Godfrey first took an interest in paper while getting his chemical engineering degree from Clemson University.
“We had one class that had a section on paper,” said Godfrey. “So as a chemical engineer, you got the energy industry, paper industry, chemical supplies, the whole nine yards. I just interviewed with anybody that had anything to do with chemical engineering. Exxon wanted me to go down to Louisiana, Champion at the time wanted me to go to Ohio, and then Ecusta over in Brevard said come on in, so that’s where it all started.”

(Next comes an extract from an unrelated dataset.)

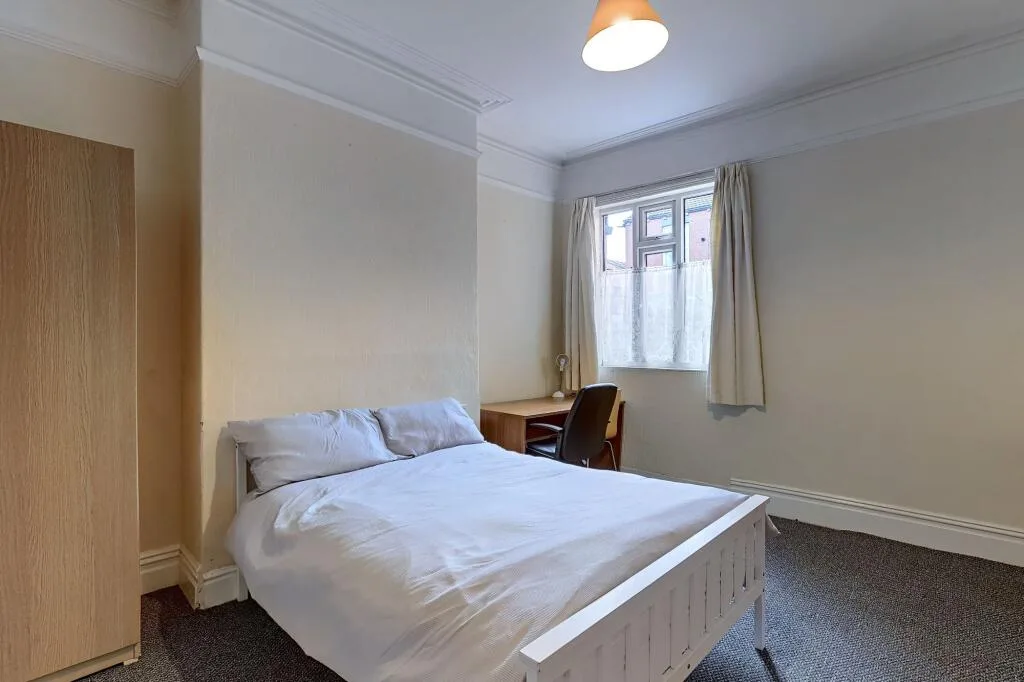 5 bedroom terraced house for rent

Ecusta Mill is a former flax pulping and paper manufacturing facility that was built in 1939 and stayed in operation until 2002. While working at Ecusta, Godfrey got his master’s degree in business from Western Carolina University. From Ecusta, he went on to work at Jackson Paper, after which he began consulting for the industry. Then he transitioned into teaching business at AB Tech, where he still teaches some classes, as well as Haywood Community College, where he started teaching Pulp and Paper Technology.

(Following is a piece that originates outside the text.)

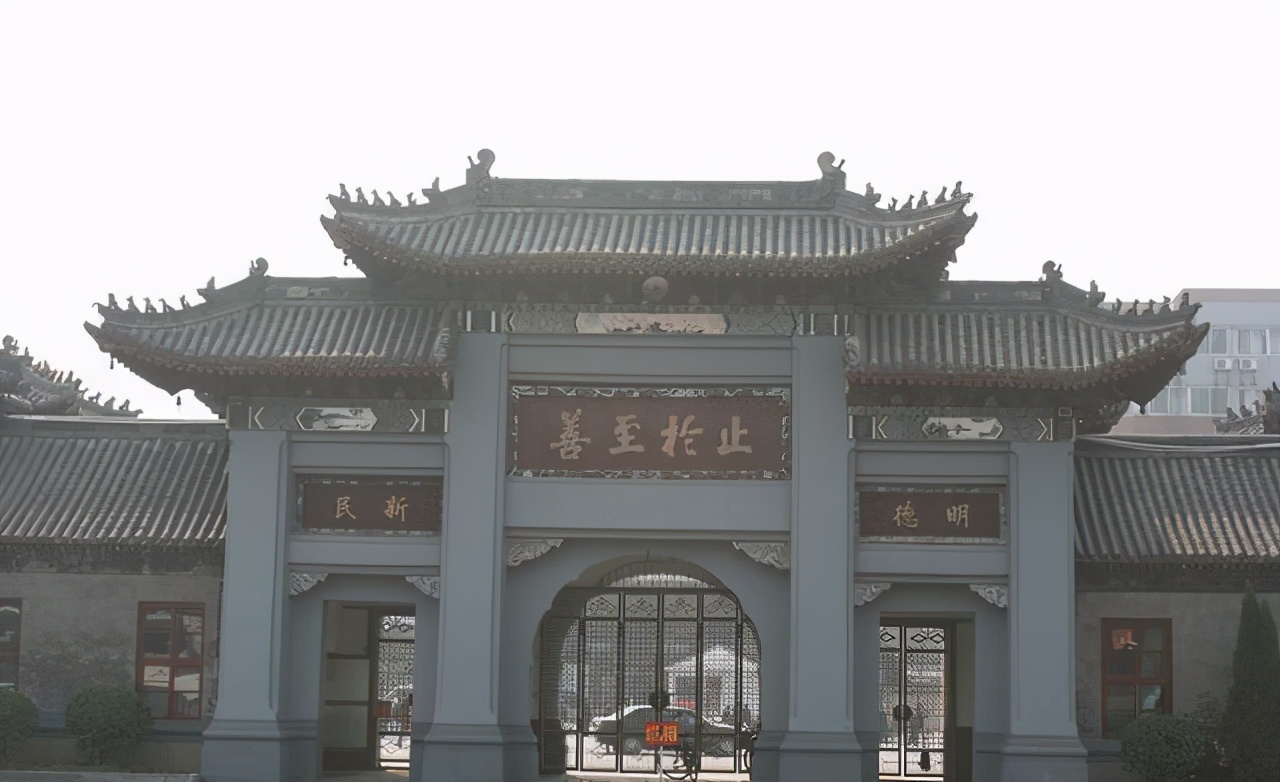 郑州大学和河南大学哪个环境美,郑州大学和河南大学哪个好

Over the years, what was then Blue Ridge Paper in Canton was having trouble attracting young employees. The pulp and paper classes were instituted to help bring young people in.
“They were seeing the average age in manufacturing was way high,” said Godfrey. “They had 400 people going out in four years.”
The question became, “How do you get new folks into your industry?” Godfrey said.
In an effort to get young people prepared for and interested in the paper industry, HCC began offering Pulp and Paper Technology classes, but administrators soon realized they needed to catch students even younger in order to prepare them for further education, or careers, in the paper industry, so the HCC class transitioned into a high school class at Pisgah.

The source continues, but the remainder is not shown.